Eduardo Mallorquí, nació en Barcelona en mayo de 1943, hijo del escritor José Mallorquí Figuerola (autor de las novelas El Coyote) y de Leonor del Corral. Fue el segundo hijo de tres hermanos. Vivía entonces con su padre en la calle Españoleto. Era ingenioso y estaba dotado de un extraordinario sentido del humor. Era un brillante conversador aunque de trato muy afable, culto, un impenitente lector y con gran ingenio. Era bondadoso y algunas veces se manifestaba con cierta ingenuidad tal vez porque desconocía la materia de la que se hablaba. En resumen su personalidad era muy interesante dentro de su sencillez.

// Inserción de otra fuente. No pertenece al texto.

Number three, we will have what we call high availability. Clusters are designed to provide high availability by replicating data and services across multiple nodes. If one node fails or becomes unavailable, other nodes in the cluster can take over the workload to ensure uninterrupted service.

Fernando aunque muy inteligente era un buenazo. Hemos de decir que ambos resultaron ser unos buenos amigos. Eduardo se quejaba muy a menudo y amargamente de que sus trabajos eran minusvalorados, pagándole poco. Aunque muchas veces, decía, que no se los pagaban. No obstante entre los muchos trabajos que escribió fueron los guiones de la serie televisiva Tristeza de Amor (actualmente pueden verse por internet), que a lo largo de trece semanas interpretaron: Concha Cuetos, Emma Suárez, Cándida Losada, Alfredo Landa, Alfredo Mayo, Carlos Larrañaga y Eduardo Fajardo. También llegó a vender otro guión titulado Trileros del cual parece que se hizo una película.

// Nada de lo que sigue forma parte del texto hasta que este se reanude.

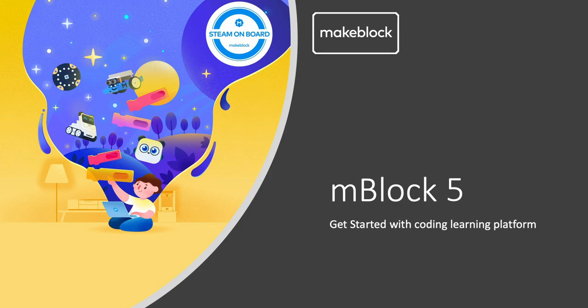Hi, today I will give you an introduction on how to get started with mBlock 5.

Los guiones de Tristeza de Amor los transformó en un libro (una novela) que fue editado y que a través de Javier Martín adquirí y que el autor Eduardo mallorquí me dedicó, libro que conservo como oro en paño. Es curiosa la dedicatoria que tiene y que trascribo: “Dedicado a José Luis Salcedo, El Profe, componente de la Peña de los Moyanos; el pertenecer yo a esta cofradía es el mayor orgullo de mi vida. Eduardo Mallorquí”. Firmado.

Dado los grandes muchachos que eran, estuvimos reuniéndonos los tres años finales de la carrera, ya que la peña se disolvió al terminar nosotros la carrera y regresar a Segovia.

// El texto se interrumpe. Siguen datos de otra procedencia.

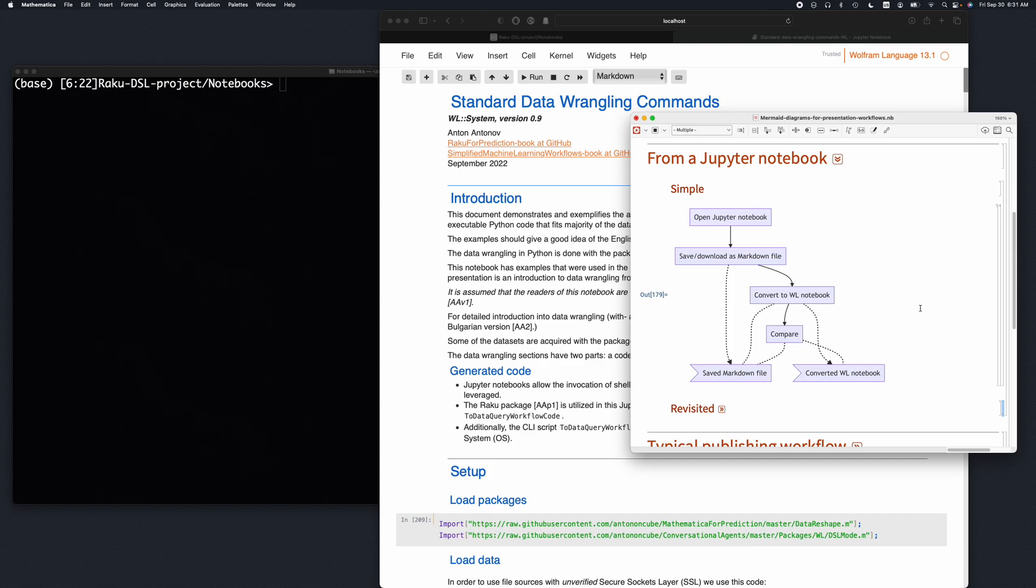In this presentation we're going to see how we can convert a Jupyter notebook into a Mathematica notebook. We're going to do that by downloading or saving the Jupyter notebook as a markdown file, and then this markdown file is going to be converted into a Wolfram Language or Mathematica notebook.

No obstante un día que fui a Madrid y me acerqué por el barrio, me encontré a Eduardo en el Café Tyché de la calle Alfonso X, iba acompañado de dos señoras muy emperifolladas, elegantísimas, una de ellas era Concha Cuetos y la otra, acaso, era la artista Emma Suárez (entonces desconocida) que tuvo la amabilidad de presentármelas.

Trascurrieron años sin tener noticia de ambos muchachos, pero un día que me acordé de ellos, miré por internet a ver si encontraba su paradero y cuál no sería mi triste sorpresa al ver que Eduardo se había suicidado, casi a la misma edad que su padre. Esta trágica noticia ocurrió el 16 de marzo de 2001. Aunque se casó dos veces no tuvo hijos.

Al parecer fue consecuencia de una depresión que le condujo a borracheras diarias, ya que se le debieron acumular problemas económicos. No resistiendo esta situación decidió tomar una ingente cantidad de barbitúricos que acabaron con su vida.

Como era un personaje que por su talante se hacía querer, sentí profundamente la pérdida de aquel querido amigo que hoy tristemente he rememorado.